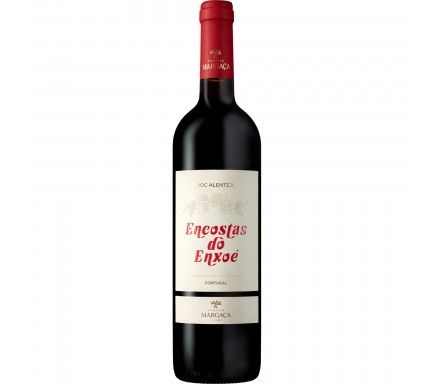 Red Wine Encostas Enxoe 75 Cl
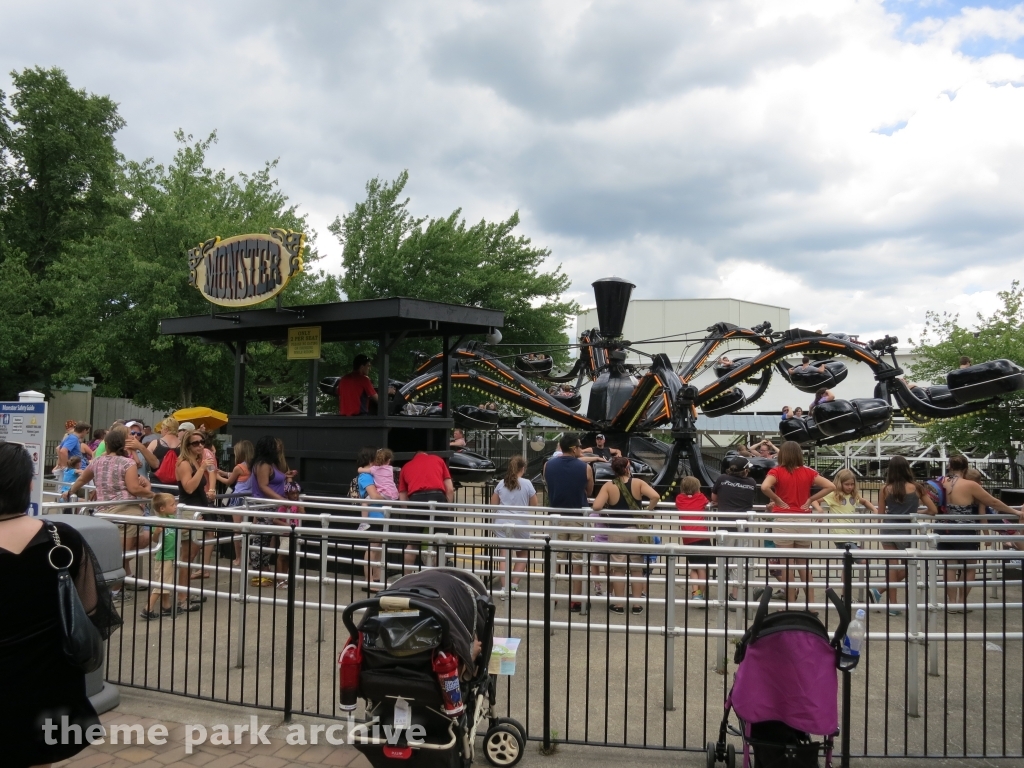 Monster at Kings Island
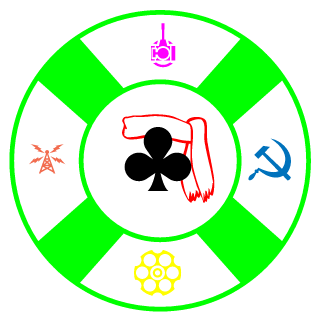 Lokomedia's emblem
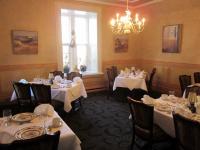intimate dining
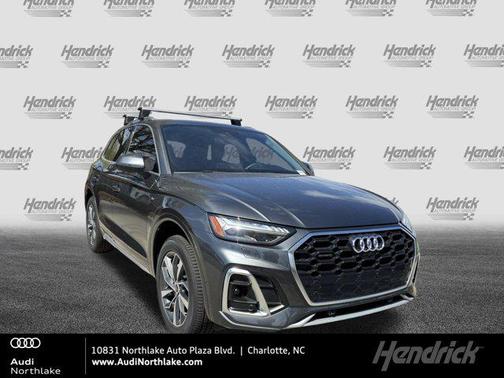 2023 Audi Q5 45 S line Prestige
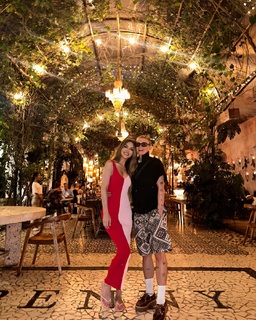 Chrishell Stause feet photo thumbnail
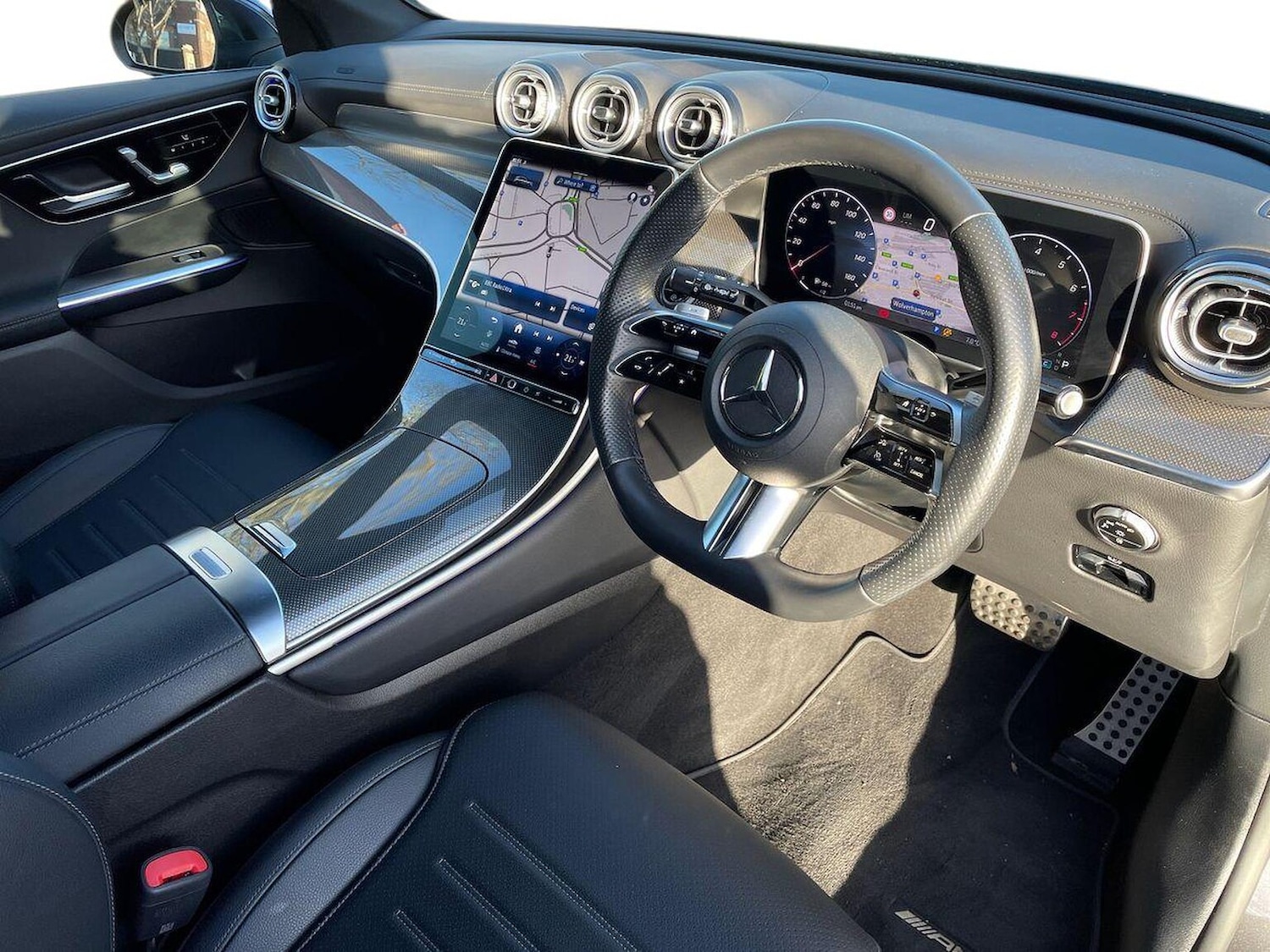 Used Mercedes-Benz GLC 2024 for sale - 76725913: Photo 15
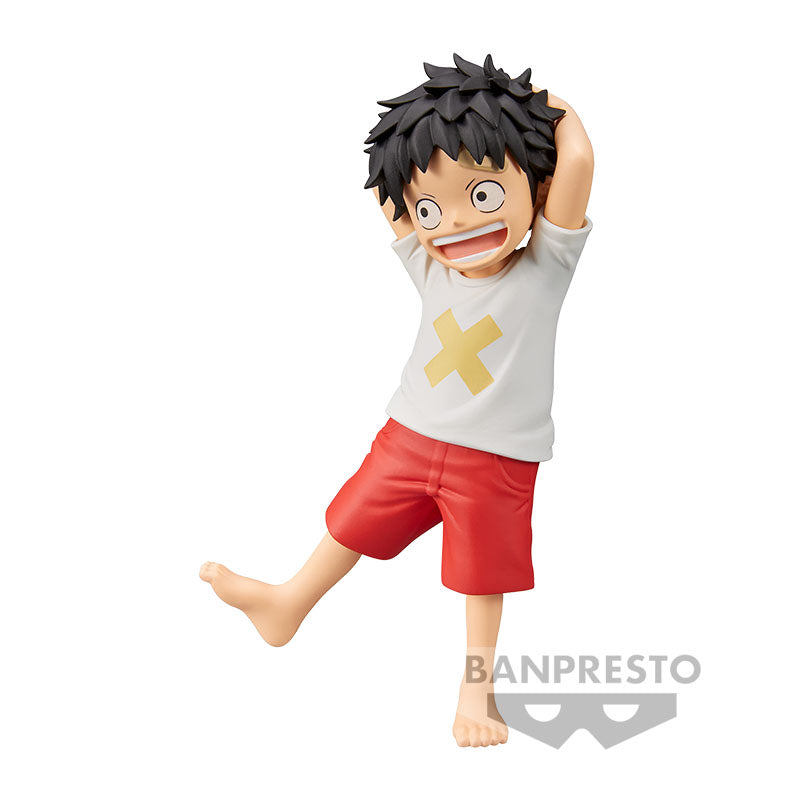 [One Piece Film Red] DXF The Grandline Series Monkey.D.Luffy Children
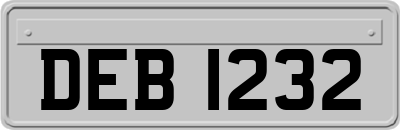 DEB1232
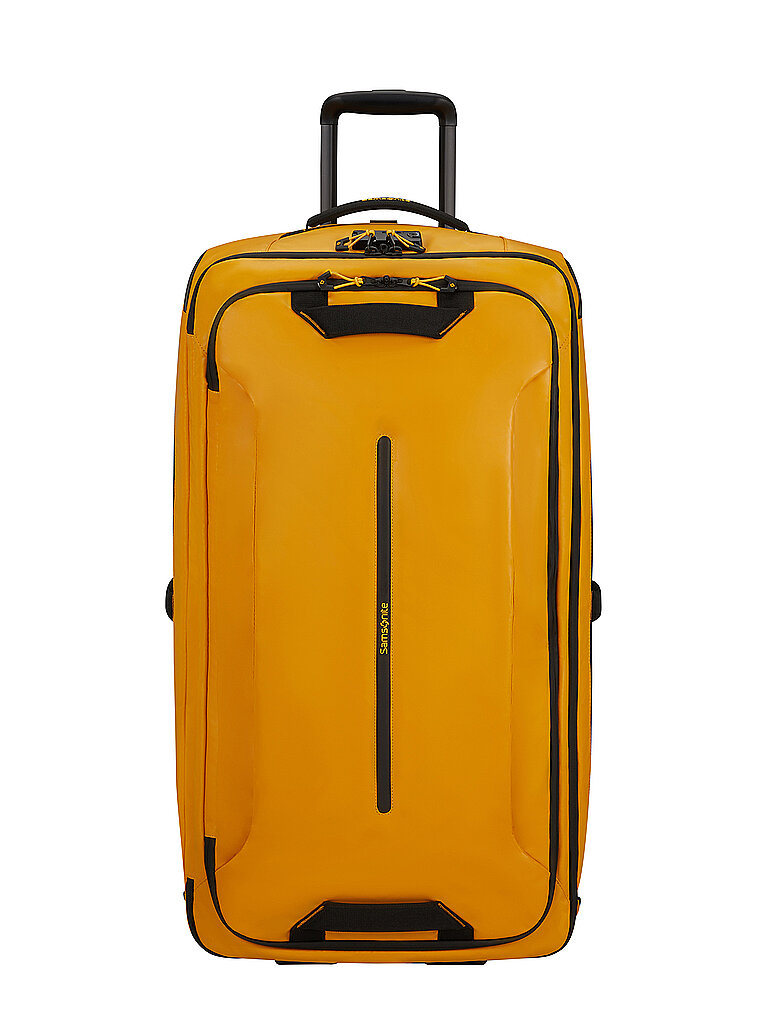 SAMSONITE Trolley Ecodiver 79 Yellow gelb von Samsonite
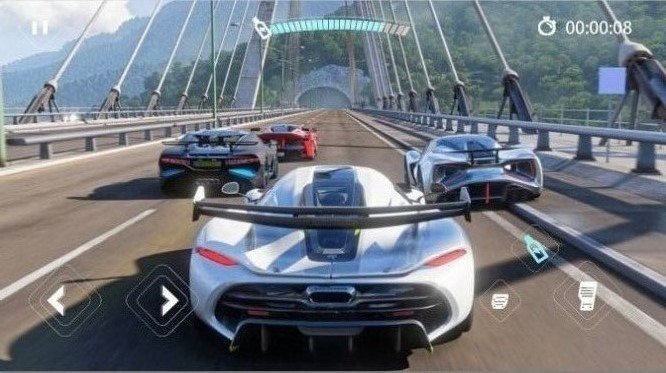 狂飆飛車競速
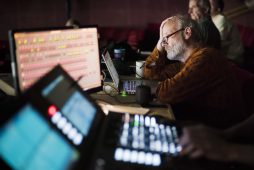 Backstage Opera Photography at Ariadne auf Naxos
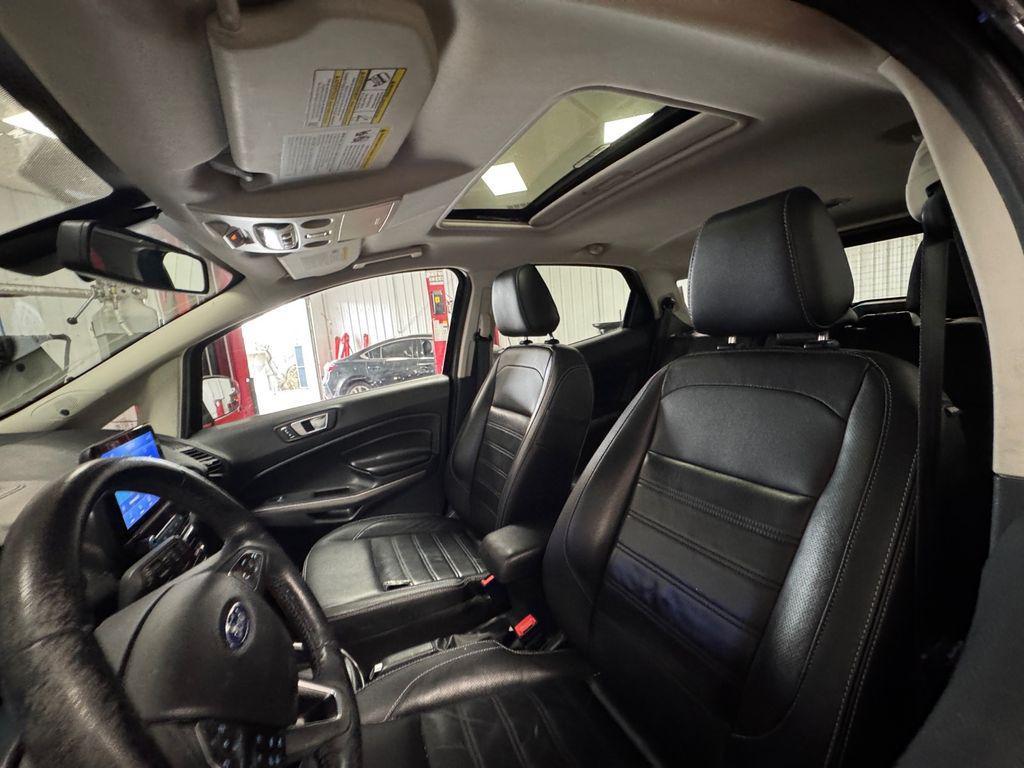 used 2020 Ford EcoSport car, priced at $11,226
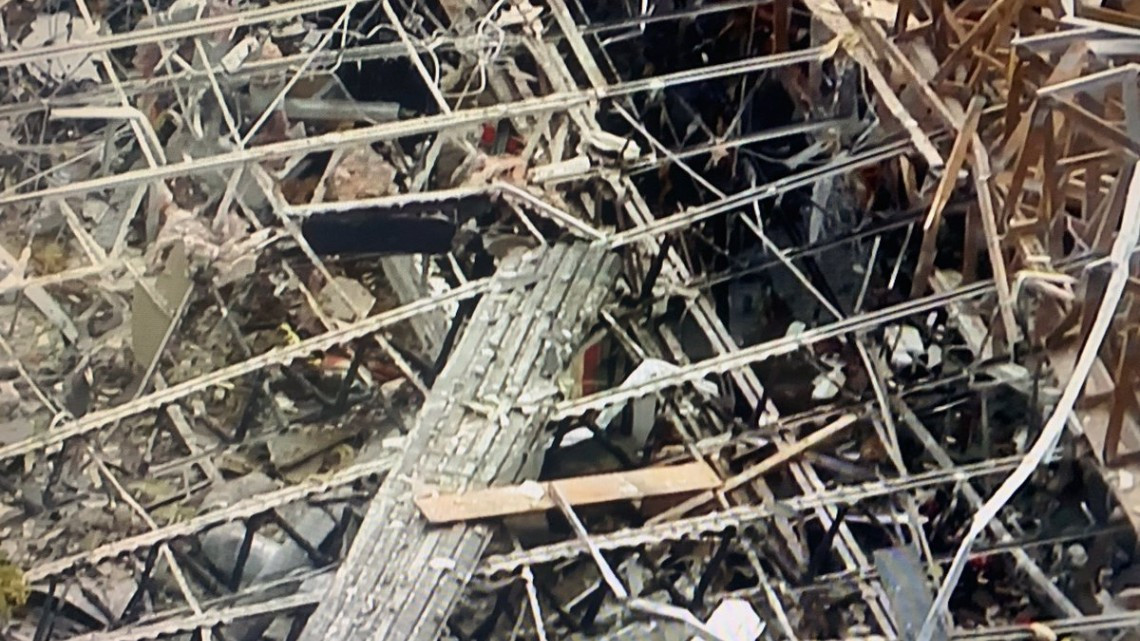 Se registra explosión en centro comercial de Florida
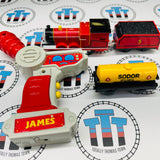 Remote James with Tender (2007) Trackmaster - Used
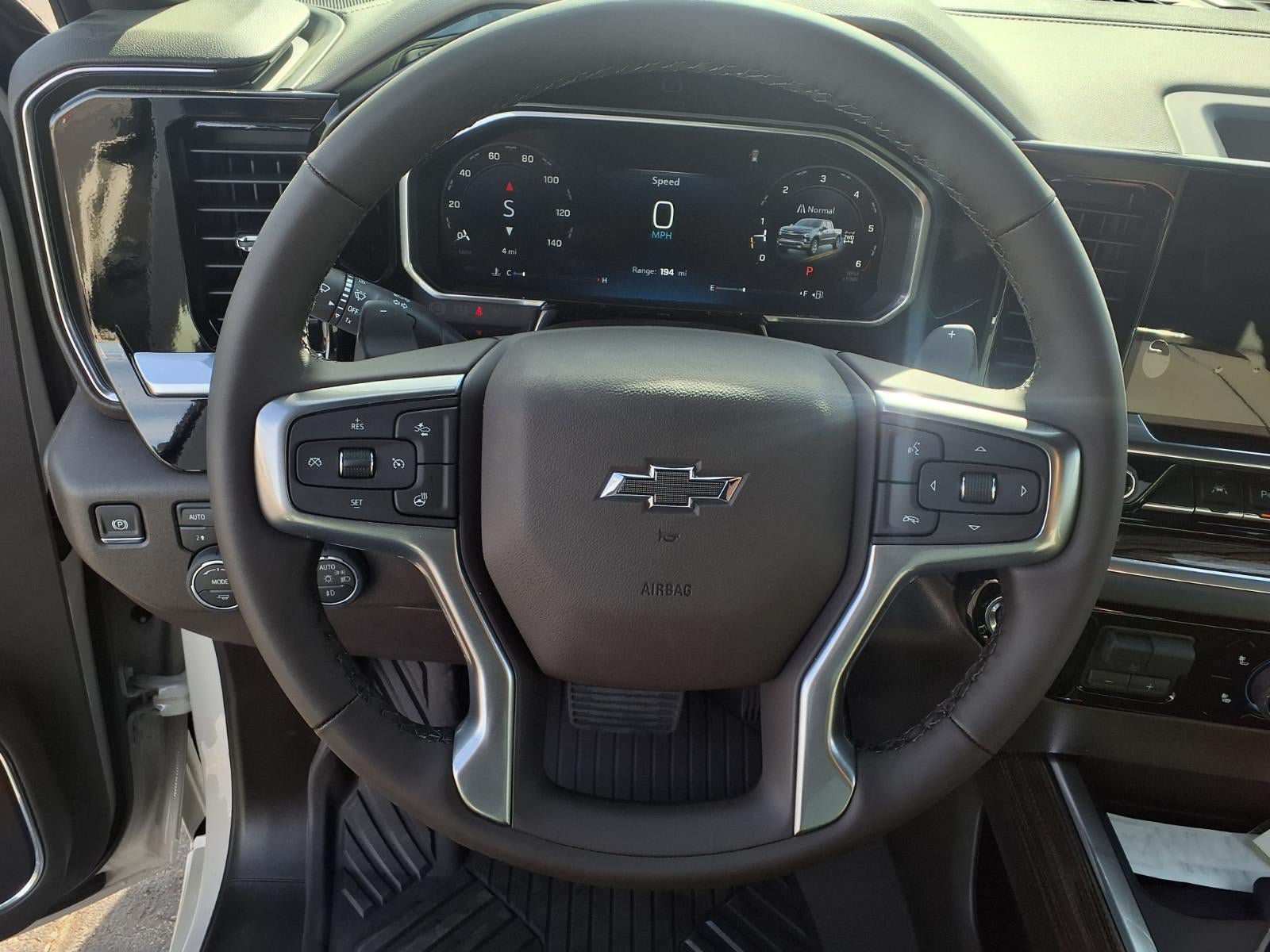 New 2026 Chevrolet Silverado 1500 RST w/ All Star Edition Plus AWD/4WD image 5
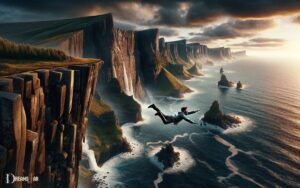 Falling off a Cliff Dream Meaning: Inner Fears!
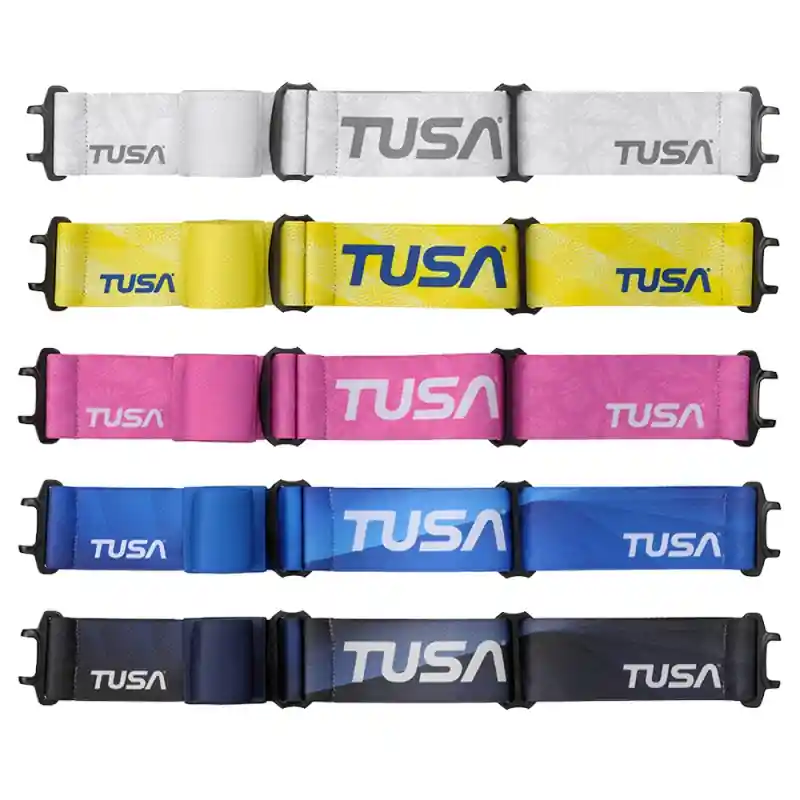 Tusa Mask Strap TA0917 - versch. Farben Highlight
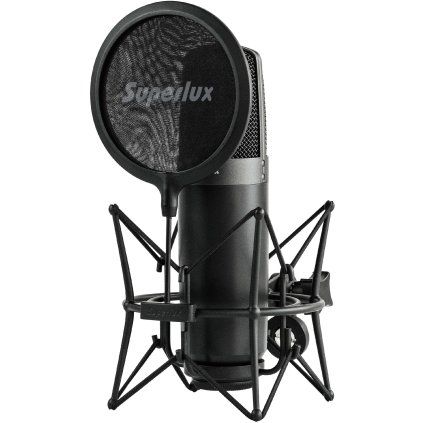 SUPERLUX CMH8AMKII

···

**Exercise description**
Would you copy the lines above exactly, starting with the one that has "[One Piece Film" and ending with the one that has "Remote James with", both included, without the pictures?

**Task result**
 [One Piece Film Red] DXF The Grandline Series Monkey.D.Luffy Children
 DEB1232
 SAMSONITE Trolley Ecodiver 79 Yellow gelb von Samsonite
 狂飆飛車競速
 Backstage Opera Photography at Ariadne auf Naxos
 used 2020 Ford EcoSport car, priced at $11,226
 Se registra explosión en centro comercial de Florida
 Remote James with Tender (2007) Trackmaster - Used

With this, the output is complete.